As shown in FIG. 2, the detection results were confirmed that the I736T probe, P731S probe, R723G probe, R663H probe, Y842X probe, R190W probe, W305L probe and R2401H probe all showed blue color at the spot of the gene chip (regions 9-16, respectively), and the spot of the quality control probe (region A) also showed blue color, and that the gene chip and the kit prepared in example 1-2 could accurately detect the I736T, P731S, R723G, R663H, Y842X, R190W, W305L and R2401H sites.
example 5
example 5 is substantially the same as example 3 except that the specimen used is a mixed plasmid containing plasmids 1 to 16.

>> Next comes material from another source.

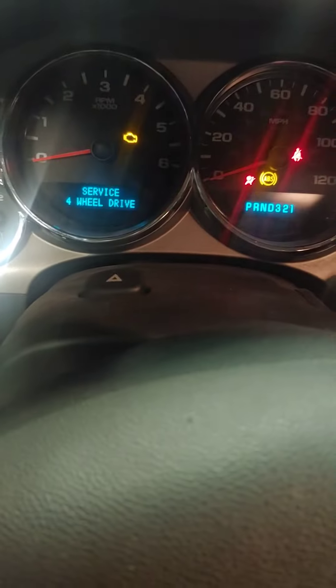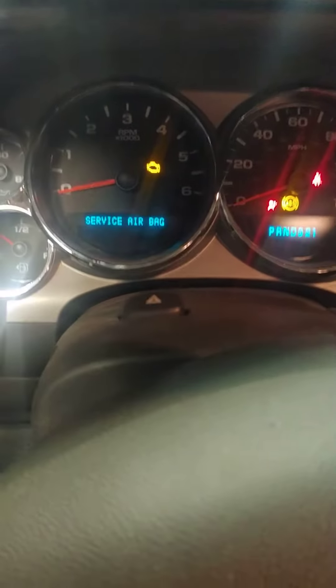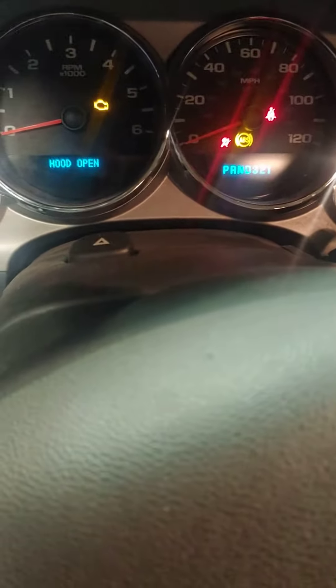Well, spun the motor a few times and got oil pressure. Let's see what we get for first start. I've already put a base tune on it — it's got a different transfer case for the moment until I rebuild the right one, but other than that it should be good. I'm going to have an exhaust leak; I'm missing two clamps and had to fix some exhaust, but I'll fix it tomorrow.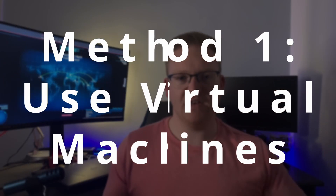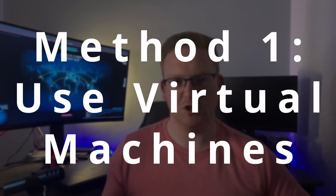Today we really want to talk about two different ways that you can set up your cybersecurity home lab in a cheap and affordable manner, so that wherever you're at financially you can get started on your cybersecurity journey. Method number one: use virtual machines. This can be both the most expensive and the cheapest method depending on where you are with hardware.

the test substance was detected using the gene chip and the kit prepared in example 1-2.
as shown in FIG. 3, the detection results were confirmed to be excellent in specificity even when 16 types of plasmids were mixed by using the gene chip and the kit prepared in examples 1 to 2, and accurate detection results were obtained in the same manner as the I736I probe, the P731P probe, the R723R probe, the R663R probe, the Y842Y probe, the R190R probe, the W305W probe, the R2401R probe, the I736T probe, the P731S probe, the R723G probe, the R663H probe, the Y842X probe, the R190W probe, the W305L probe, and the R2401H probe all showed blue colors at the spot location (regions 1 to 16, respectively) on the gene chip.